Who and how does a CMDB actually help?

Hi skep,

Having viewed the CMDB chatter for a few years, it still seems that the CMDB concept is one of the best drivers for vendor marketing campaigns of any form of repository of information about the technical or services infrastructure. I'm a vendor myself and I've dropped the term CMDB from most of our literature and the product name as I found myself explaining what a CMDB could be, might be, should be. So we don't cmdbs now - we do service mapping tools! Even more ironic, we link our service mapping tools to CMDBs! This could be called a federated CMDB - but that would be even more confusing so we provide "integration".

As a long term skeptic, but someone who has to make a living from delivering software and services in this space (mainly through passion) I thought a few words on justifying a CMDB approach from my own experience might be helpful. The problem is I that I have to define what I mean by a CMDB first. In my case I'll choose the mapping of services to components, as the asset side does'nt tend to do much for service management processes like change, incident and problems.

You don't need a CMDB for change/incident/problem management, but it does help.

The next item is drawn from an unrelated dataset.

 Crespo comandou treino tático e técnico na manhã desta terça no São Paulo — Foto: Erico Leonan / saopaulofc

Without a CMDB I find the following happens;

a. Technical teams can't easily understand the potential risks of a change, it relies on personal energy and experience
b. Its difficult to identify the service owners for communication and involvement
c. Change submissions have many errors or omissions which require additional filtering / interpretation
d. New information comes to light during discussion of changes, which results in re-submissions or unnecessary risk
e. Incidents are initially allocated ok, but never closed off against defined CIs, so service reporting can't be automated and problem analysis becomes protracted
f. The usual confusion over naming because without a CMDB, it often difficult to ensure consistency of terms
g. Dashboard, monitoring tools etc. all use different interpretations of whats makes up a service so there is additional mis-communication.
h. Risk disciplines - security, business continuity, capacity have to duplicate data to try and get a "business" view for their own needs.
i. And the big issue - It takes a long time to get a change through the system, not the change form, but the whole project - request, requirements, planning, change, scheduling, reporting etc.

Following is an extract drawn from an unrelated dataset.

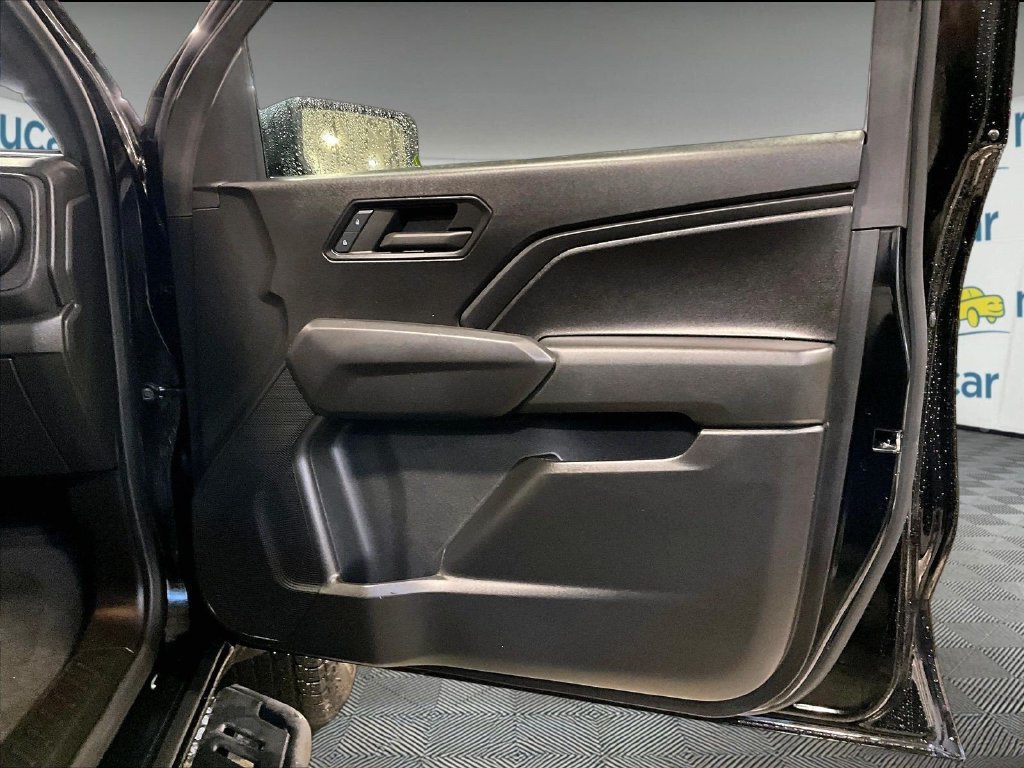 Used 2024 Chevrolet Colorado Trail Boss w/ Technology Package AWD/4WD image 12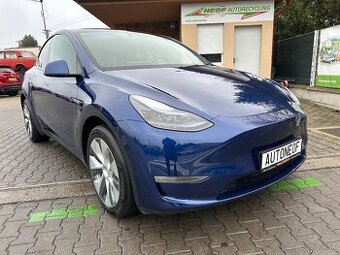 Tesla Model Y Dual Motor LongRange 75kWh 514 k pohon 4x4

Many of the above aren't an issue for smaller organisations because there is less people issues and fewer silos. With additional skills (training, product knowledge etc) and good motivation then the need for a CMDB is less. In bigger organisations then there are probably outsourcers involved, teams are spread across multiple locations and so on, communication becomes more difficult and the systemic problems above start occurring. The ROI can't be identified because communication is the problem and that's a strategic issue. So without a CMDB, people have to work harder at communicating - not always a strong point of IT.

If management teams want to change the working practices and get better controls in place, they will have to bite the bullet and look to a CMDB as a foundation for improved communication across teams. But it does depend on what you mean by a CMDB....

Dave

most sites don't

Hi dave

I'm impressed by your approach of selling something clear and useful instead of a colourful bandwagon. And I think we are in agreement. To summarise your position in a few of my words: you need a CMDB (or somethign like it) if your site is sufficiently complex or advanced.

Which is the exact flipside of my position: most sites don't.